Transcript
Jordan Rivera: Welcome back to the CyberEyeQ weekly podcast. I’m Jordan Rivera, and with me as always is Alex Chen. This week is stacked — immediate deadlines, a record enforcement action, and a legislative surge in AI. Alex, what’s keeping you up this week?
Alex Chen: The NYDFS Part 500 cybersecurity certification is due April 15 — six days from now.
Jordan Rivera: Right, and this one’s different from prior years. It’s the first certification covering all the 2023 through 2025 amendments, including MFA requirements and the written asset inventory rules that kicked in last November. Your CISO or senior officer is signing under penalty of perjury that all of those controls are in place. If you haven’t validated the November tranche yet, this is a red-flag moment.
Jordan Rivera: Speaking of deadlines, COPPA’s amended rule reaches its enforcement date on April 22 — thirteen days out. The FTC expanded what counts as personal information to include biometric identifiers like voiceprints and facial templates. Operators of child-directed services now need written information security programs and written data retention policies in place.
Jordan Rivera: Teams are scrambling on the separate parental consent requirement for non-integral data disclosures — that’s the piece people underestimated. Now let’s talk enforcement money. FinCEN, the SEC, and FINRA jointly hit Canaccord Genuity with an $80 million penalty — the largest BSA enforcement action ever against a broker-dealer. The failures spanned six years of AML program deficiencies, from transaction monitoring gaps to SAR filing breakdowns.

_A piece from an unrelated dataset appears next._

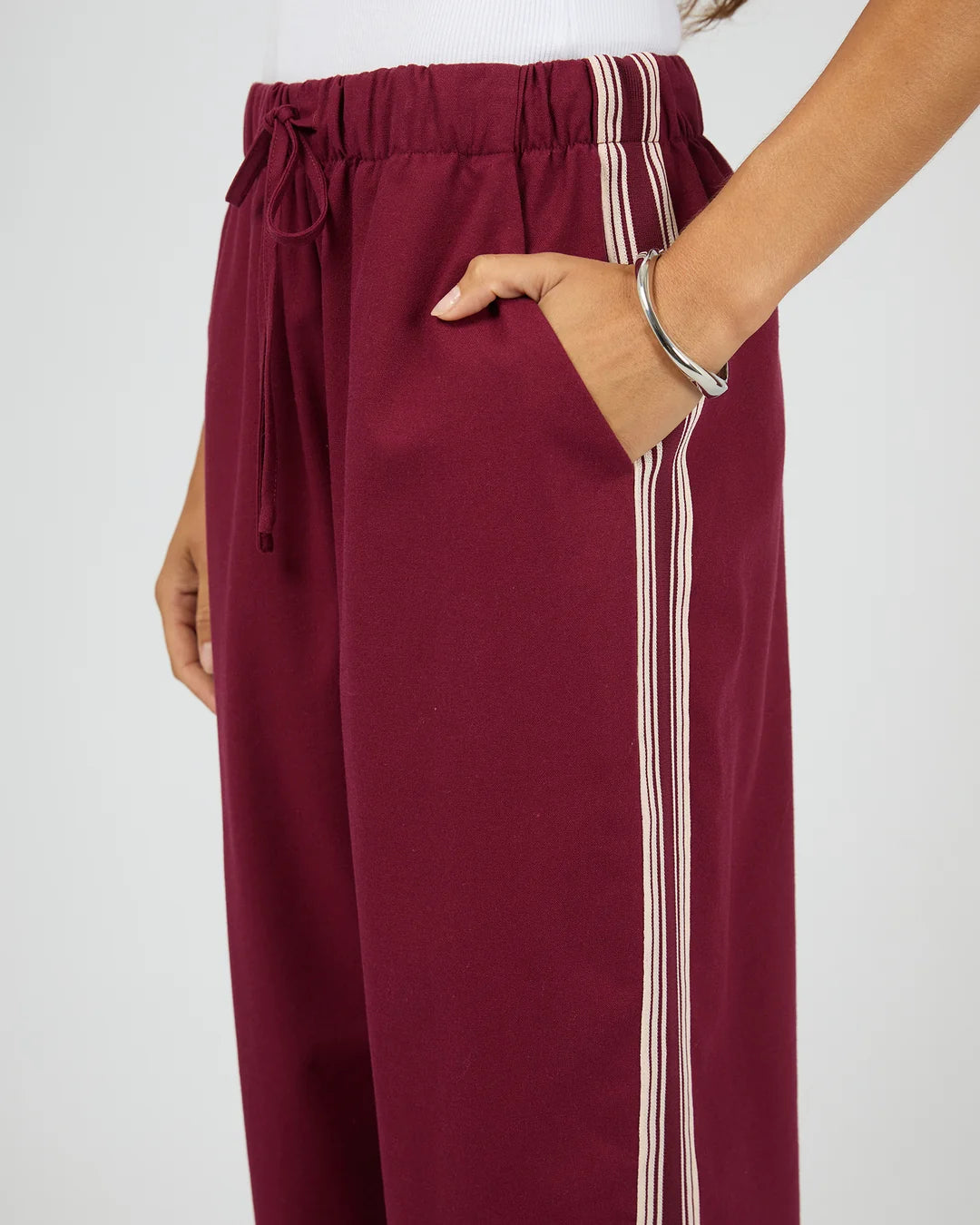 SILENT THEORY Mayfair Trim Pant - Cherry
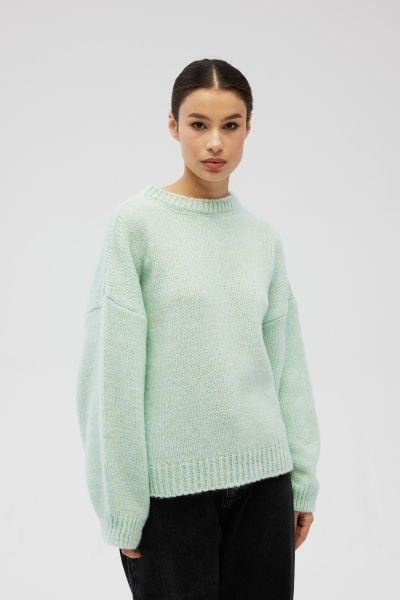 Sweter oversize z bufiastymi rękawami w kolorze FROSTY MINT - RIVERO-UNI. Zielone swetry damskie Marsala, na lato, bez wzorów, z wełny, bez kołnierzyka, bez ramiączek, bez kaptura. Za 249.90 zł.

Alex Chen: Eighty million sends a message. If you’re a mid-market broker-dealer, the takeaway is that “adequate” AML programs aren’t enough anymore. The agencies want demonstrable, risk-based controls.
Jordan Rivera: Shifting to AI governance — nineteen new state AI laws were enacted across seven US states in just the last two weeks. Utah alone signed nine bills covering deepfake intimate images, AI literacy in schools, and health insurance AI disclosure. Oregon’s SB 1546 created a private right of action for AI companion platform harms.

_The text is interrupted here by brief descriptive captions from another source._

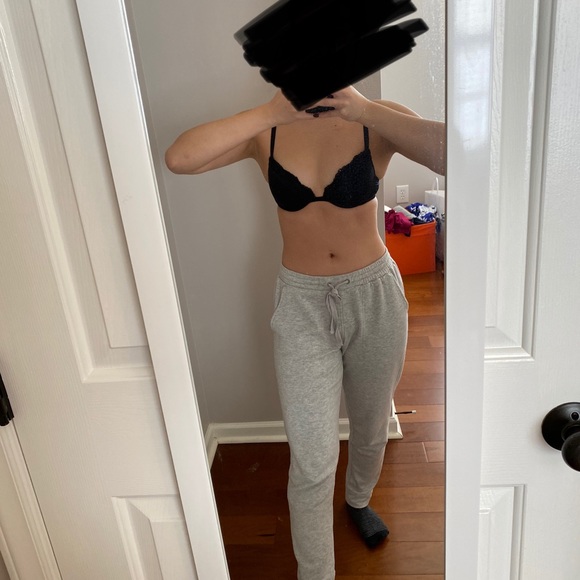 Assortment of bras mostly 32b - Picture 3 of 14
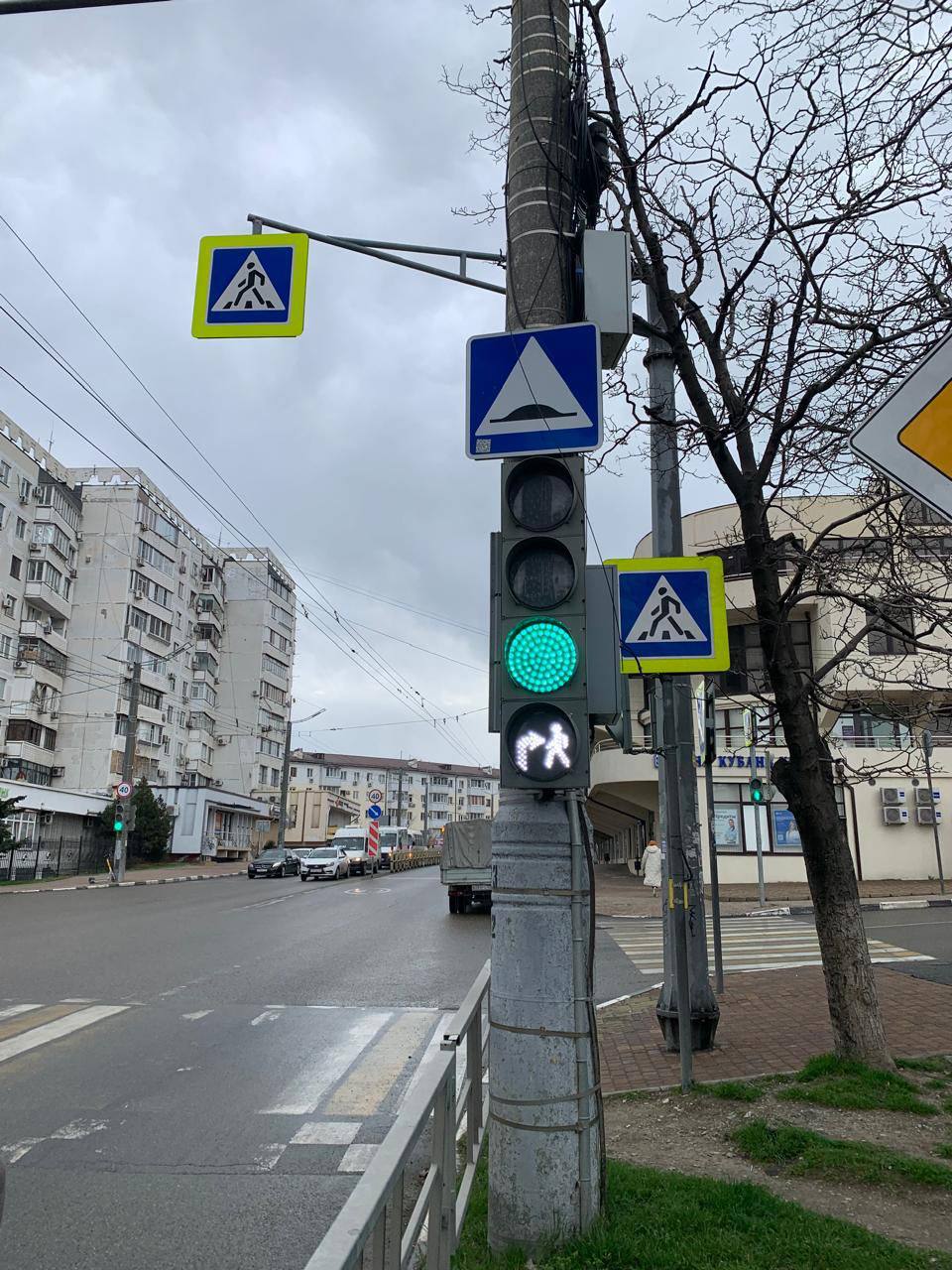 В рамках мероприятий по обеспечению безопасности дорожного движения выполнены работы по подключению в рабочий режим светофорных объектов на пересечении ул. Цедрика/ул. Пархоменко.   Также установлена бело - лунная секция светофора при повороте с ул. Лейтенанта Шмидта в сторону ул. Исаева для предупреждения водителей о наличии пешеходного перехода.   С целью информирования пешеходов с нарушением зрения установлены речевые информаторы на пешеходном переходе по пр. Ленина/ ул. Черняховского.    Будьте внимательны и осторожны!     Гавриков А.Н. - заместитель главы города Новороссийск   Новороссийск ДТП   Прислать новость   Буст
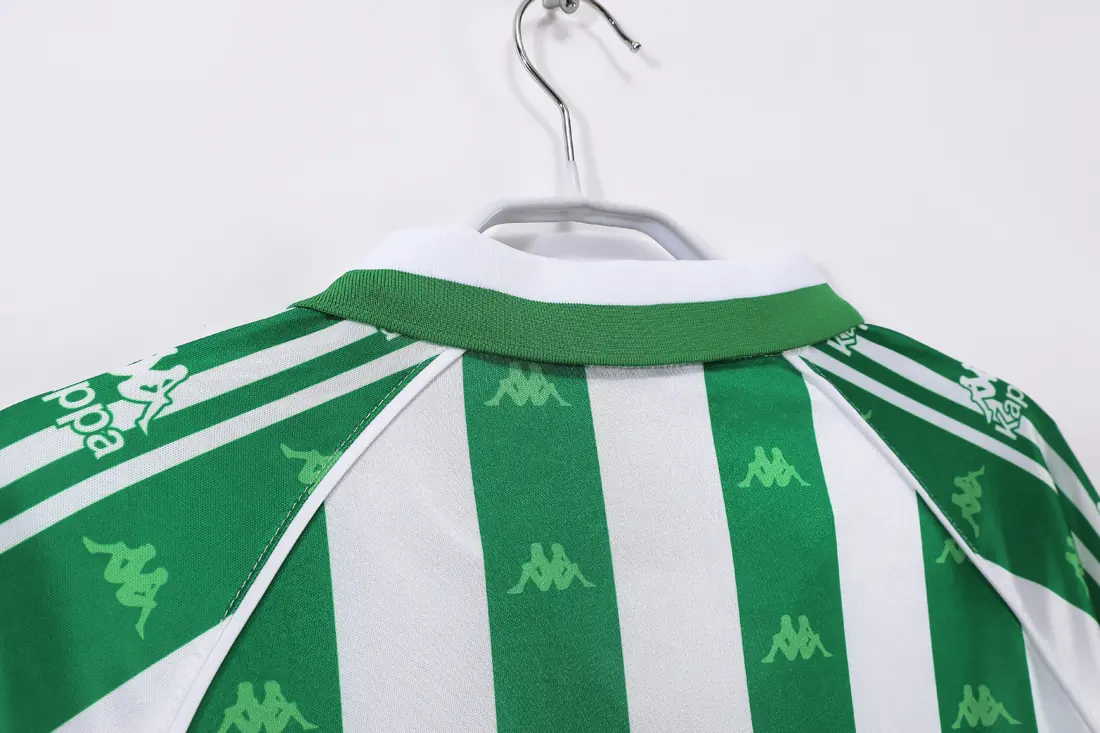 Foto 2 de Temporada 1995/97 Real Betis local (sin publicidad) 5A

Alex Chen: The patchwork problem is real. The 2026 total is now 25 enacted laws with 27 more awaiting signature, and Colorado’s AI Act enforcement begins June 30. We’re tracking different scopes and enforcement mechanisms in every state.
Jordan Rivera: Finally, a quick international note: China’s Internet Platform Pricing Regulations take effect tomorrow, April 10. They ban algorithmic price discrimination based on user data without consent, and platforms were supposed to complete self-inspections before the deadline. For any company operating consumer-facing platforms in China, that’s a compliance check you need to have done yesterday.
Jordan Rivera: That’s our five for this week. To recap: NYDFS certification by April 15, COPPA enforcement April 22, the $80 million FinCEN penalty as a wake-up call for AML programs, nineteen new state AI laws reshaping the US landscape, and China’s pricing regulations going live tomorrow.